EXERCISE DIRECTIONS: Please print, exactly, only the lines in the entries below from the line that has "this 1200×800 image." through the line that has "this 700×466 image.". Pictures don't go in.

DATA TO PROCESS:
/---
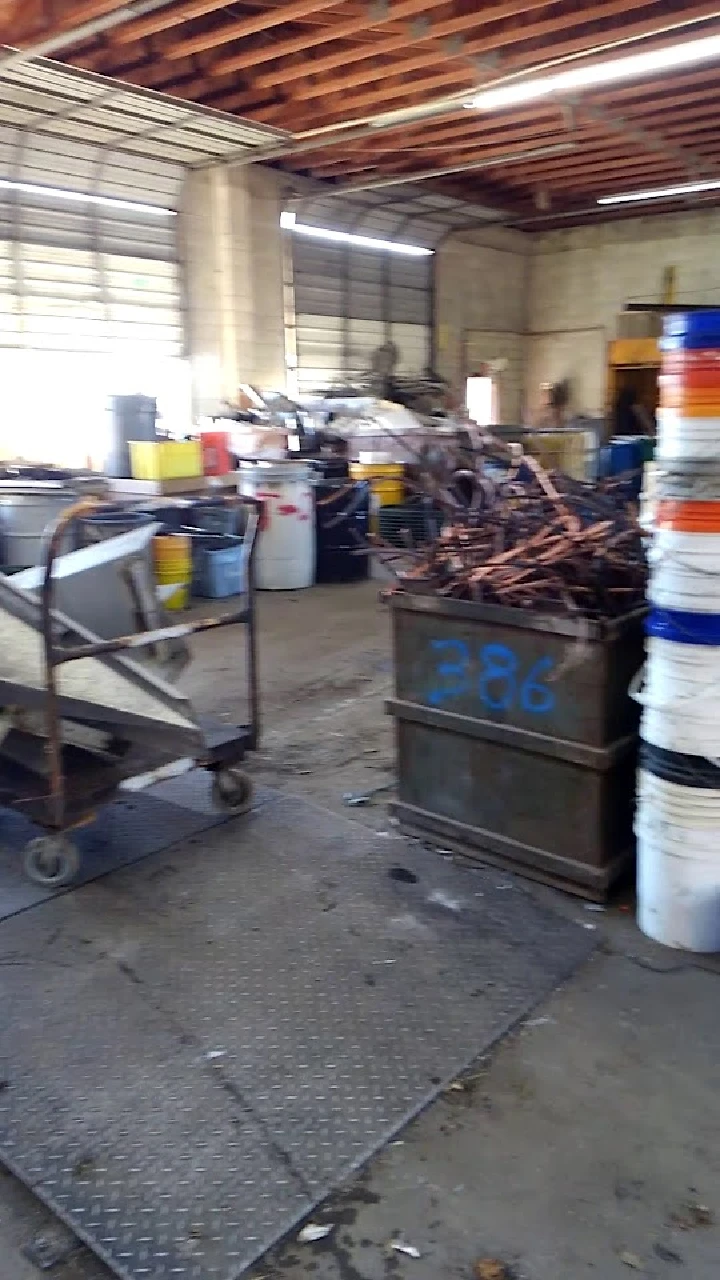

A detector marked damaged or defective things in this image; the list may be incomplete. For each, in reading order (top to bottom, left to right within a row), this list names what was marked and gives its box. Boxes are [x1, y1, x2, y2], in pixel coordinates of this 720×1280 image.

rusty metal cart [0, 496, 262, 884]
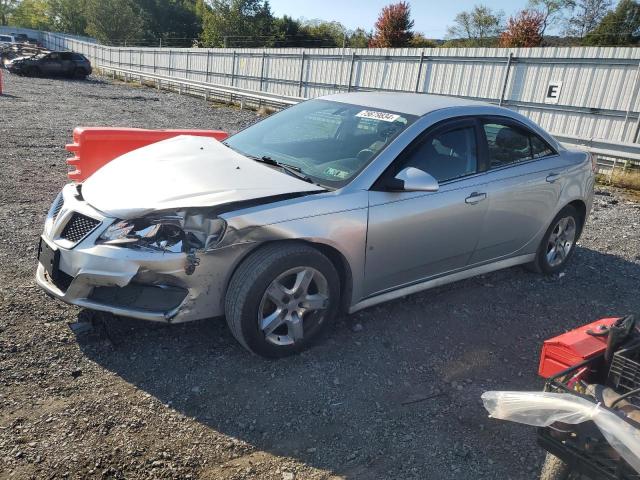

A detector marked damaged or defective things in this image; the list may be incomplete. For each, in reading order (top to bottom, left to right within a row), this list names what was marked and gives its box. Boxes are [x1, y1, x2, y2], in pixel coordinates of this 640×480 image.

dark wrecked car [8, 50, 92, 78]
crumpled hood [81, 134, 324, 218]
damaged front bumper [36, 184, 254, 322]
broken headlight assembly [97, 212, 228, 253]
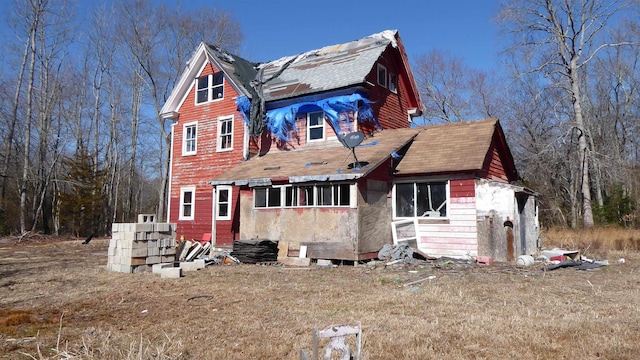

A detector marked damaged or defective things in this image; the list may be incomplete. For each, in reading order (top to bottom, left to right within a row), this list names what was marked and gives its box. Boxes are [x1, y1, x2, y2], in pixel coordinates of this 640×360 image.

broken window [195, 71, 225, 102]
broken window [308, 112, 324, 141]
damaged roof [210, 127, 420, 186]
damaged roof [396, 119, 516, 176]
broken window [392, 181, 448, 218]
\---
/---
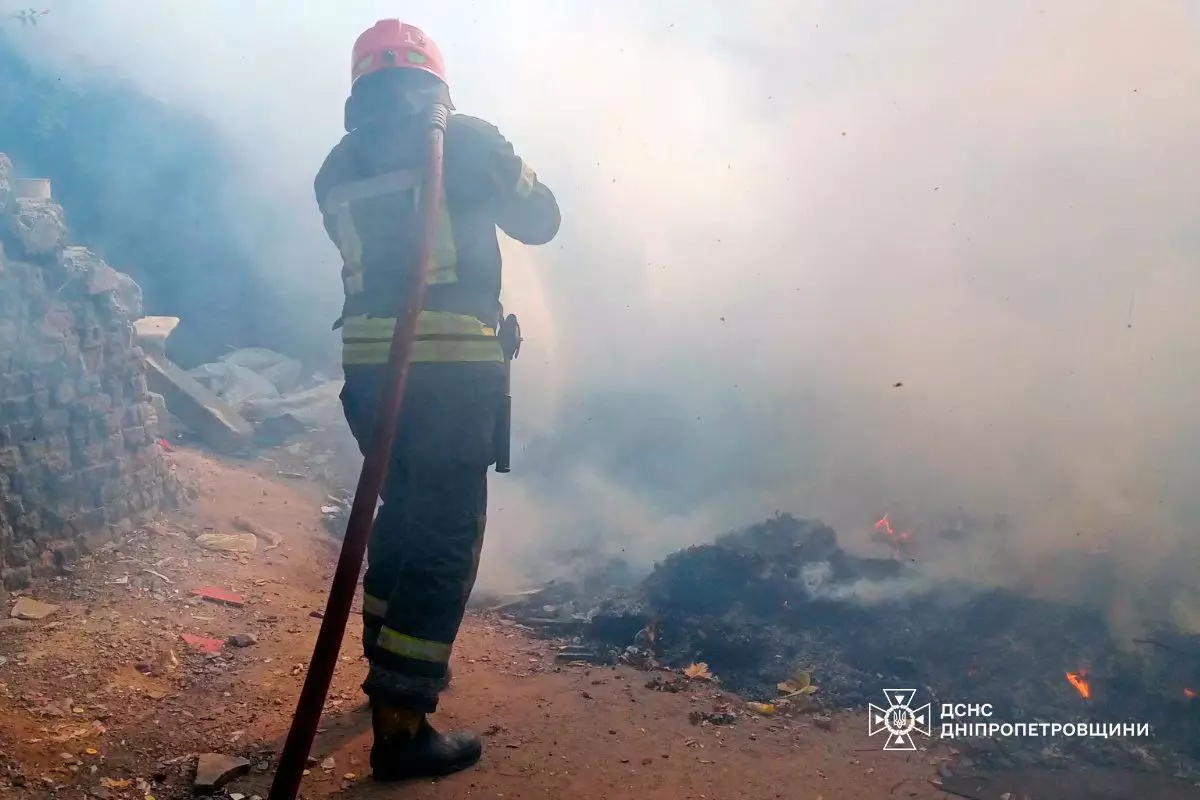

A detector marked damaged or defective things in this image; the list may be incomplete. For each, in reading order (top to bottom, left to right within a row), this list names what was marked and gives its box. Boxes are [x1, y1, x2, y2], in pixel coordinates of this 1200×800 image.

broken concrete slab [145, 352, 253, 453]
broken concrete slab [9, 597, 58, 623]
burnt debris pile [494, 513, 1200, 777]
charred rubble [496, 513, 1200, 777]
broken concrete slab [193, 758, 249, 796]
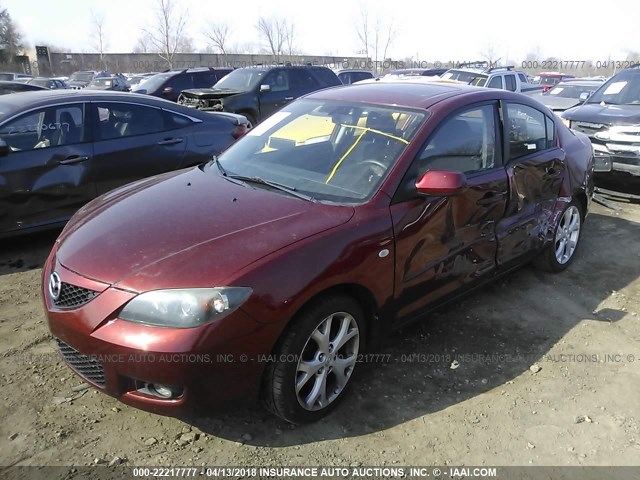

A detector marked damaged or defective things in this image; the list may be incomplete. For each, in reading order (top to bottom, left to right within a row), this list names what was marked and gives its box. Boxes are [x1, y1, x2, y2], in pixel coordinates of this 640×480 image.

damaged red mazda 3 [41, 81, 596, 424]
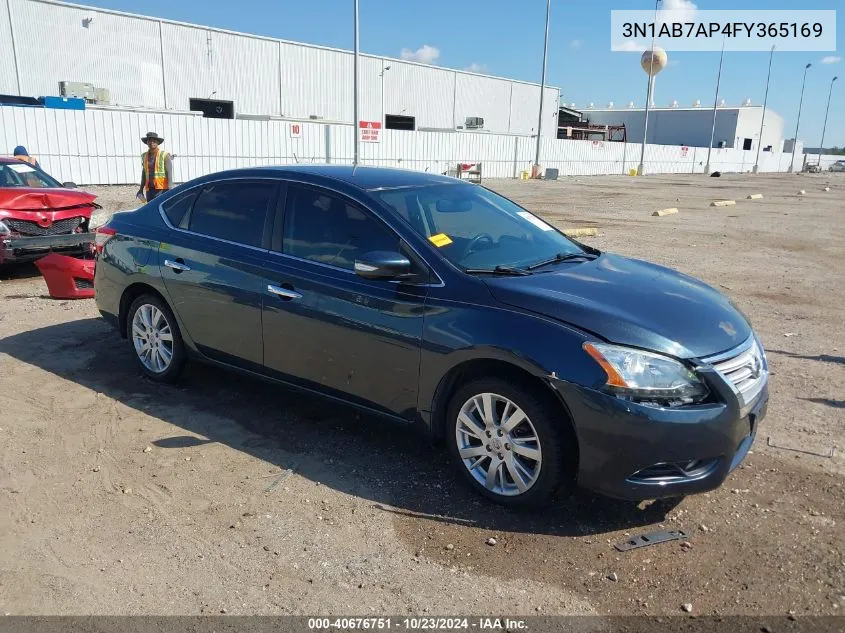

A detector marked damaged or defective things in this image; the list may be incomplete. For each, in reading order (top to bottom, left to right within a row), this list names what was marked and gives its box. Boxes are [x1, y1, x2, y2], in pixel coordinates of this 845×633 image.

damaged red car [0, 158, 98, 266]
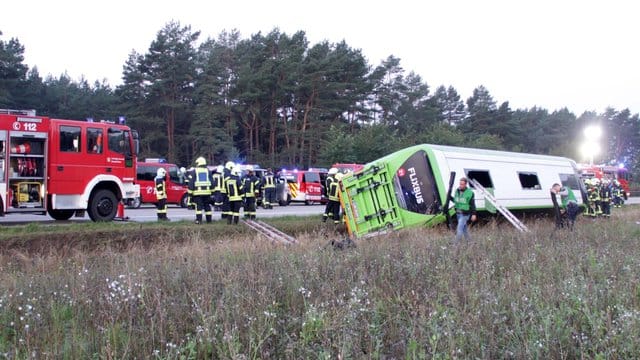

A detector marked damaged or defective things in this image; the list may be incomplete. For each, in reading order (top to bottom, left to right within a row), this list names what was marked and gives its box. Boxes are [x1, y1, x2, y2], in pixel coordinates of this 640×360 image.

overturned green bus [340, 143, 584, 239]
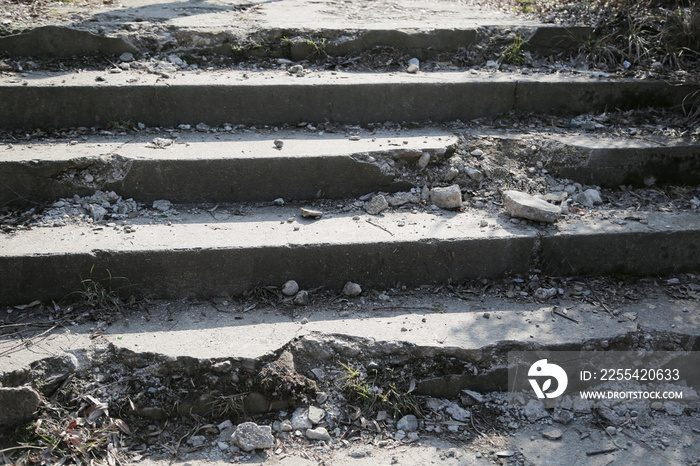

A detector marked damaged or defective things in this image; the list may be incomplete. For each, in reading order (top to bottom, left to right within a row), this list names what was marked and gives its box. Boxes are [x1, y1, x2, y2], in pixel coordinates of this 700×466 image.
\---
EXERCISE RESPONSE:
A detector marked damaged or defective things in this image; the list may be incomplete. For each, in reading order (top to bottom, left to right within a row), this list names what was marked and gives its box. Boxes are [x1, y1, x2, y2], in pixel coordinates of this 1200×800 image.

broken concrete slab [145, 352, 253, 453]
broken concrete slab [9, 597, 58, 623]
burnt debris pile [494, 513, 1200, 777]
charred rubble [496, 513, 1200, 777]
broken concrete slab [193, 758, 249, 796]

A detector marked damaged or defective things in this image; the list may be incomplete. For each, in reading order (top to bottom, left to right within a row), this list names what was marked and gives its box. Boxes are [x1, y1, x2, y2], in pixel coordinates of this 640×480 image.

damaged red mazda 3 [41, 81, 596, 424]

A detector marked damaged or defective things in this image; the list may be incomplete. For each, in reading order (top to bottom, left to right within a row), this list names what was marked and gives its box. Boxes are [x1, y1, x2, y2], in pixel coordinates of this 845×633 image.

damaged red car [0, 158, 98, 266]

A detector marked damaged or defective things in this image; the list may be incomplete. For each, in reading order (top to bottom, left to right within a row), this list names what was marked and gives its box. Boxes are [x1, y1, x2, y2], in pixel coordinates of this 640×360 image.

overturned green bus [340, 143, 584, 239]

A detector marked damaged or defective things in this image; the list may be incomplete. For each, in reading order (top to bottom, left to right within a row), this list names what was marked and gives its box. Boxes are [x1, y1, x2, y2], in pixel coordinates of this 700×466 image.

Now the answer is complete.